Figures and data
Activated anti-tumor immunity of senescent B16-F10 cells in vitro.
(A) Images of senescence-associated β-galactosidase staining of B16-F10 cells (top panel scale bar: 200 μm; bottom panel scale bar: 50 μm). (B) The concentrations of HMGB1 and ATP in the supernatant of untreated cells and STCs. (C)The percentage of CD11c+ MHCII+ DCs after treatment with untreated cells and STCs. (D) The percentage of CD3+ CD8+, CD8+ Granzyme B+, and CD8+ IFN-γ+ T cells after treatment with untreated cells and STCs. (E) The percentage of CD3-NK1.1+, NK1.1+ Granzyme B+, and NK1.1+ IFN-γ+ cells after treatment with untreated cells and STCs. The concentrations of (F) Perforin and (G) Granzyme B in the supernatant of untreated cells and STCs (n=4). Statistical significance was assessed by unpaired Student’s t-test. Data were presented as mean ± SD. Statistical significance was determined as *p < 0.05, **p < 0.01, ***p < 0.001, ****p < 0.0001.
Immunization with senescent B16-F10 cells promoted anticancer immunity.

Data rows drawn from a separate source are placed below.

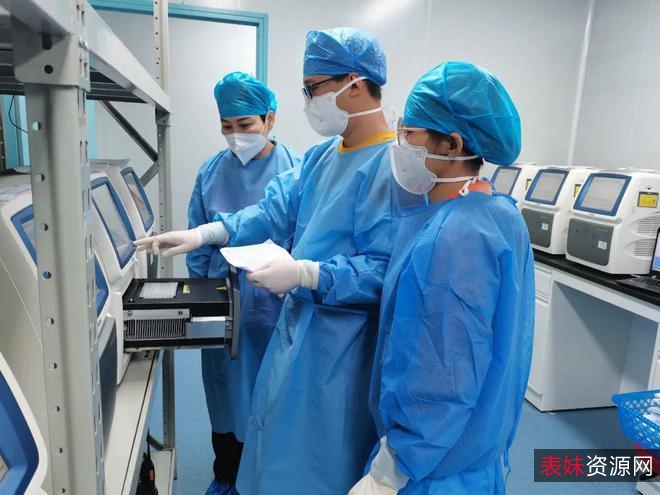 《2022：神秘目击者的失控生活/4K/惊悚/内嵌中字》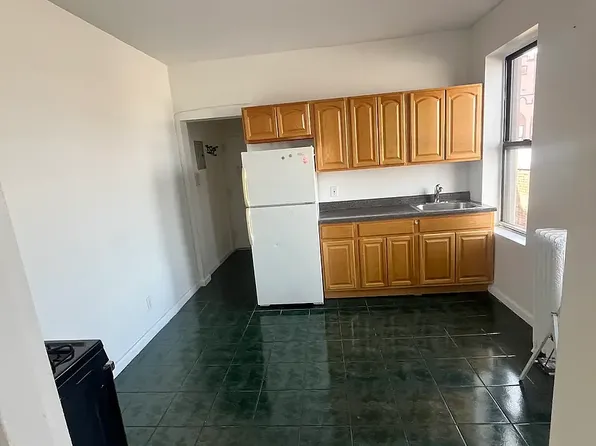 24-31 Steinway St #16, Astoria, NY 11103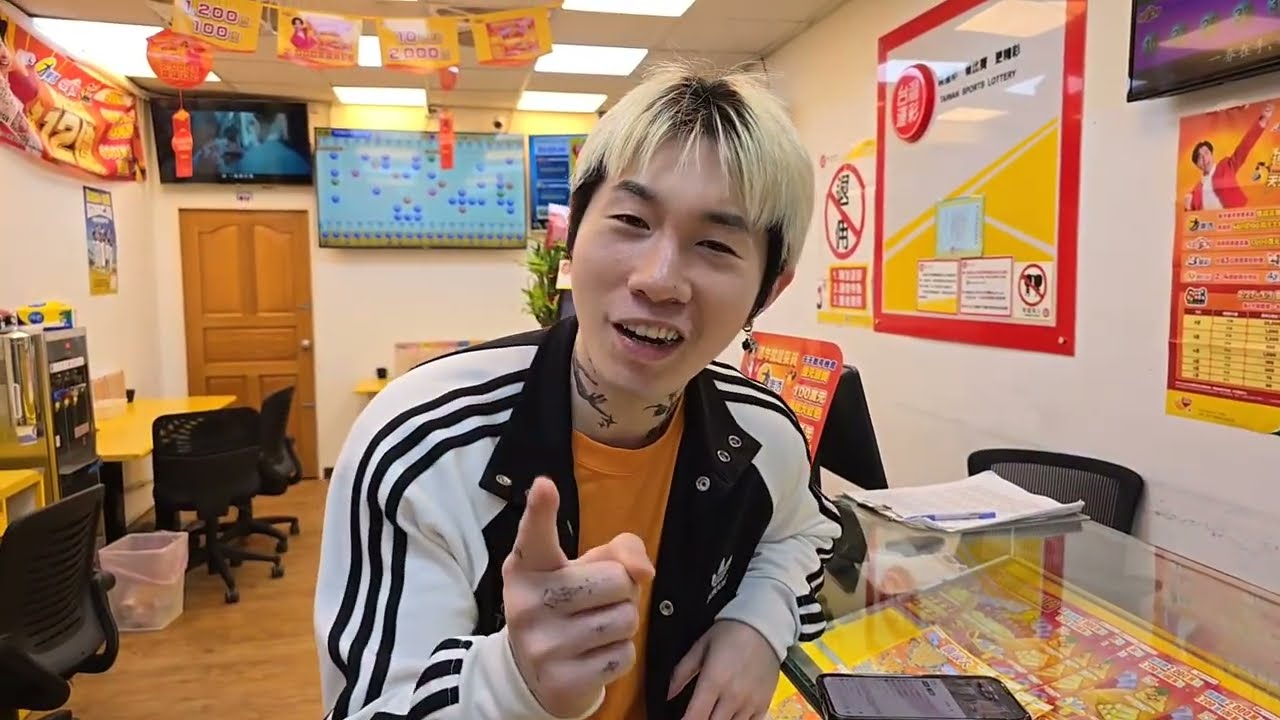 嚕基陪刮刮樂IRL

(A) Schedule of STCs treatment in a recurrent melanoma model. Created with BioRender.com. (B) The average tumor volume change of mice treated with different groups (n=5). (C) The tumor weight of the first tumor (n=5). (D) The tumor weight of recurrent tumor (n=4). (E) The percentage of CD3+ CD4+ and CD3+ CD8+ T cells within tumors treated with different groups (n=5). (F) The percentage of CD4+ and CD8+ T cells within spleens of mice treated with different groups (n=3). (G) The percentage of CD3- NK1.1+ and NK1.1+ Granzyme B+ cells within spleens of mice treated with different groups (n=3). Statistical significance was assessed by one-way ANOVA and Tukey multiple comparisons tests. Data were presented as mean ± SD. Statistical significance was determined as *p < 0.05, **p < 0.01, ***p < 0.001, ****p < 0.0001.

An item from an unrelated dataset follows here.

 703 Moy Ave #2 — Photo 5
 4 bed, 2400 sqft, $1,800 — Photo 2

Celecoxib promoted the DCs recruitment.
(A–B) COX2 expression in senescent and normal B16-F10 cells with or without celecoxib treatment detected by western blotting and statistical analysis. (C) PGE2 concentrations in the supernatant of different treatments. (D) Schematic diagram of Transwell coculture system. Created with BioRender.com. (E) The quantitative analysis of migrated DCs after different treatments. Statistical significance was assessed by one-way ANOVA and Tukey multiple comparisons tests. Data were presented as mean ± SD (n=3). Statistical significance was determined as ns (not significant, p > 0.05), **p < 0.01, ***p < 0.001, ****p < 0.0001.
Preparation and characterization of STCs+CLX-Lipo@Gel.
(A) Schematic diagram of the preparation process for STCs+CLX-Lipo@Gel. Created with BioRender.com. (B) Particle size and (C) zeta potential of CLX-Lipo. (D) Transmission Electron Microscopy image of CLX-Lipo (scale bar: 100 nm). (E) Photograph of STCs+CLX-Lipo@Gel post-gelatinization. (F) Scanning Electron Microscopy (SEM) image of STCs+CLX-Lipo@Gel. (G) Rheological evaluation of STCs+CLX-Lipo@Gel over time. (H) Quantitative analysis of cell viability for STCs encapsulated within chitosan hydrogel and (I) representative fluorescence images for Live/Dead staining (green: Calcein-AM; red: PI; scale bar: 40 μm). Statistical significance was assessed by one-way ANOVA and Tukey multiple comparisons tests. Data were presented as mean ± SD (n=3). Statistical significance was determined as ns (not significant, p > 0.05), *p < 0.05, **p < 0.01.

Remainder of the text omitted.